My rating: 5 of 5 stars
Length: 423 pages
Release date: 20 March 2018
After her mother is shot at a checkpoint, fifteen-year-old Sarah–blonde, blue-eyed, and Jewish–finds herself on the run from a government that wants to see every person like her dead. Then Sarah meets a mysterious man with an ambiguous accent, a suspiciously bare apartment, and a lockbox full of weapons. He’s a spy, and he needs Sarah to become one, too, to pull off a mission he can’t attempt on his own: infiltrate a boarding school attended by the daughters of top Nazi brass, befriend the daughter of a key scientist, and steal the blueprints to a bomb that could destroy the cities of Western Europe. With years of training from her actress mother in the art of impersonation, Sarah thinks she’s ready. But nothing prepares her for her cutthroat schoolmates, and soon she finds herself in a battle for survival unlike any she’d ever imagined.
“You’re a flea on a tiger. You’ll kid yourself that you’re part of the animal, but if you jump around too much, it’ll scratch you off with the rest.”
There’s a lot of Holocaust fiction out there. A possibly surprising amount of it, considering the dark subject matter, is children’s fiction. Number the Stars and The Book Thief are hallmarks by now, and if you haven’t read them, you’ve seen them more times than you can count. It’s been a long time since I last read Number the Stars, Once, and The Boy in the Striped Pajamas, but books like that haunt your memory a long time after you put them down.

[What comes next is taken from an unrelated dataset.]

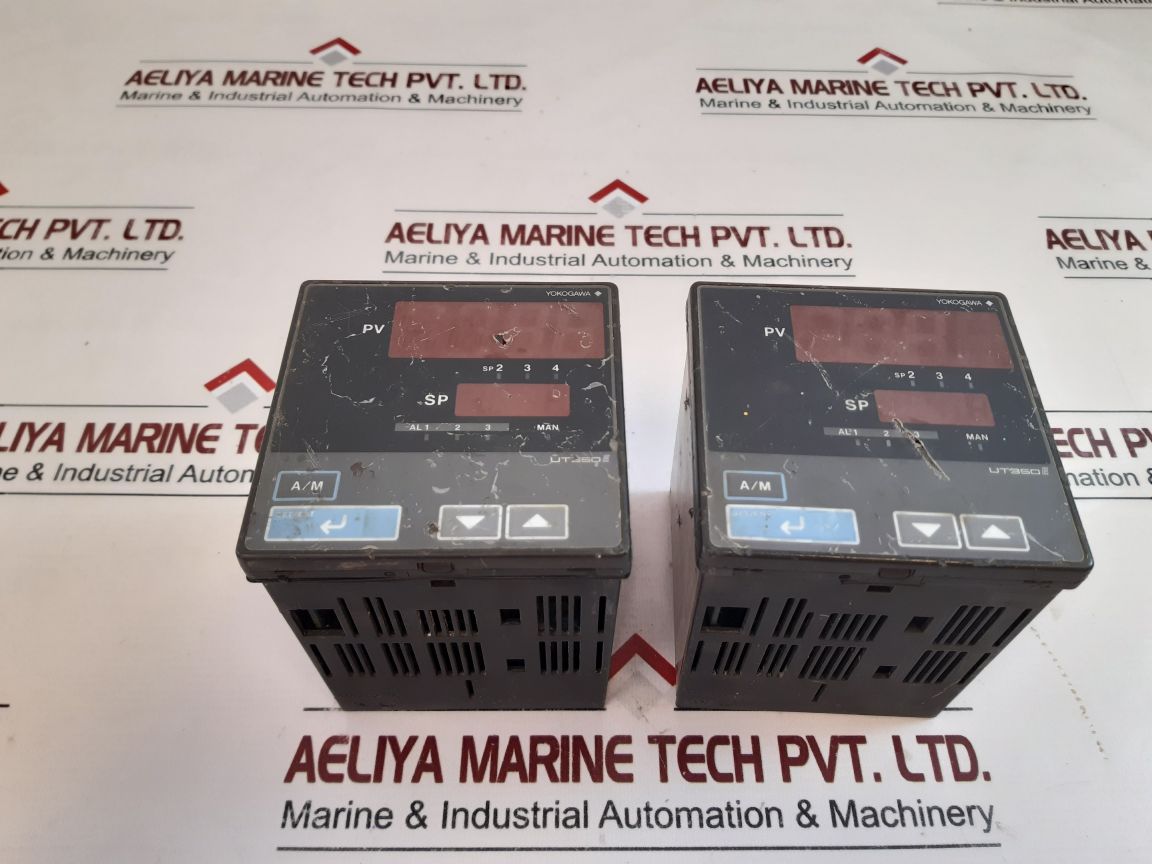 Yokogawa Ut350-00 Programmable Controller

Reading Orphan Monster Spy felt, on one level, similar to reading all those books. There’s the same feeling of being unable to empathise with, but completely comprehending, the terrible things that people believe and do. There’s the same inspiration in a story of astonishing human resilience. Orphan Monster Spy lives up to its genre and delivers what’s nowadays one of the most sensitive historical subjects the respect it merits, but on another level, it carves out its own path in the best of ways.
For one, this novel takes place in the opening days of the war, before Auschwitz turned into the killing machine it eventually became, back when people still believed that universal ostracisation and the Ghetto was the absolute worst possible fate. You don’t have to be a WWII expert, but it helps to have a basic amount of historical background to fully appreciate what goes on in this book. We start out on the 28th of August, 1939, four days before the start of the deadliest conflict in human history, and end early in January 1940.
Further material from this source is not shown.